Please output the listing below character for character and omit the images.

**DATASET EXTRACT:**

____________

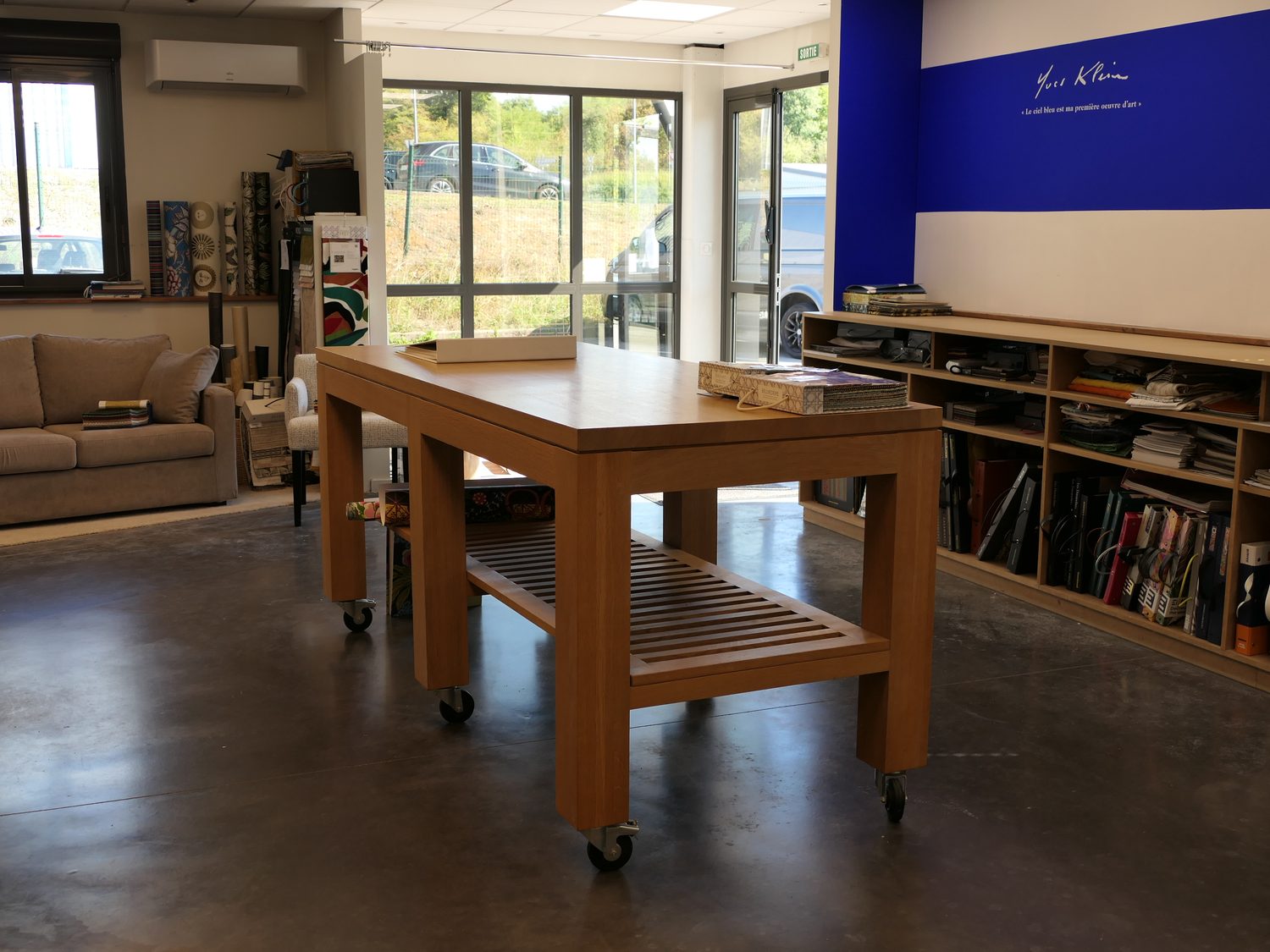 Le showroom : grande table de conseil en bois, bibliothèque de nuanciers et mur bleu au fond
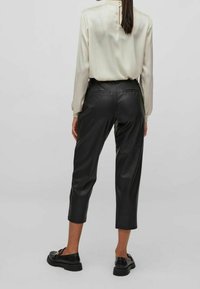 Pantalon en cuir noir à texture lisse, longueur raccourcie, avec des poches arrière. Associé à un chemisier en soie légère avec un col montant.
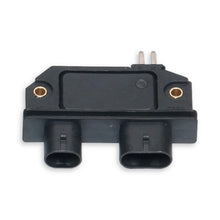 Black ignition module showing two plug connections and two metal pins at the top.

____________

**RESPONSE TO THE TASK:**
 Le showroom : grande table de conseil en bois, bibliothèque de nuanciers et mur bleu au fond
 Pantalon en cuir noir à texture lisse, longueur raccourcie, avec des poches arrière. Associé à un chemisier en soie légère avec un col montant.
 Black ignition module showing two plug connections and two metal pins at the top.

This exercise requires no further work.